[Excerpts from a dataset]
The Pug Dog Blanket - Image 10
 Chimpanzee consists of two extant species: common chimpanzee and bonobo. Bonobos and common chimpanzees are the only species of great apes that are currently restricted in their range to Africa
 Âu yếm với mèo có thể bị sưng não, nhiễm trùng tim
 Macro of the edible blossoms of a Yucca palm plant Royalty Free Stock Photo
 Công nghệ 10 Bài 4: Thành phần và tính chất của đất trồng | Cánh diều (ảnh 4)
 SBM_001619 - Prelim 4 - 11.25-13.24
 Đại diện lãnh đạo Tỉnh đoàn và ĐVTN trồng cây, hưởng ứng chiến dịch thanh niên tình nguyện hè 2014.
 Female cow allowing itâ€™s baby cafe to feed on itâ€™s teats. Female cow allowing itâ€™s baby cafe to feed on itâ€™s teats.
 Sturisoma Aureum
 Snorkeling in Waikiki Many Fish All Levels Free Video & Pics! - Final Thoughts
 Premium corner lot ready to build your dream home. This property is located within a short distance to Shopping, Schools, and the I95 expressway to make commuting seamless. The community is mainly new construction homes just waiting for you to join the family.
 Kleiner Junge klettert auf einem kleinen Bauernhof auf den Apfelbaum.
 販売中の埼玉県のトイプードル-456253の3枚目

Task brief.
Wherever the word "trồng" occurs in the data, copy that whole line.

Reply.
 Công nghệ 10 Bài 4: Thành phần và tính chất của đất trồng | Cánh diều (ảnh 4)
 Đại diện lãnh đạo Tỉnh đoàn và ĐVTN trồng cây, hưởng ứng chiến dịch thanh niên tình nguyện hè 2014.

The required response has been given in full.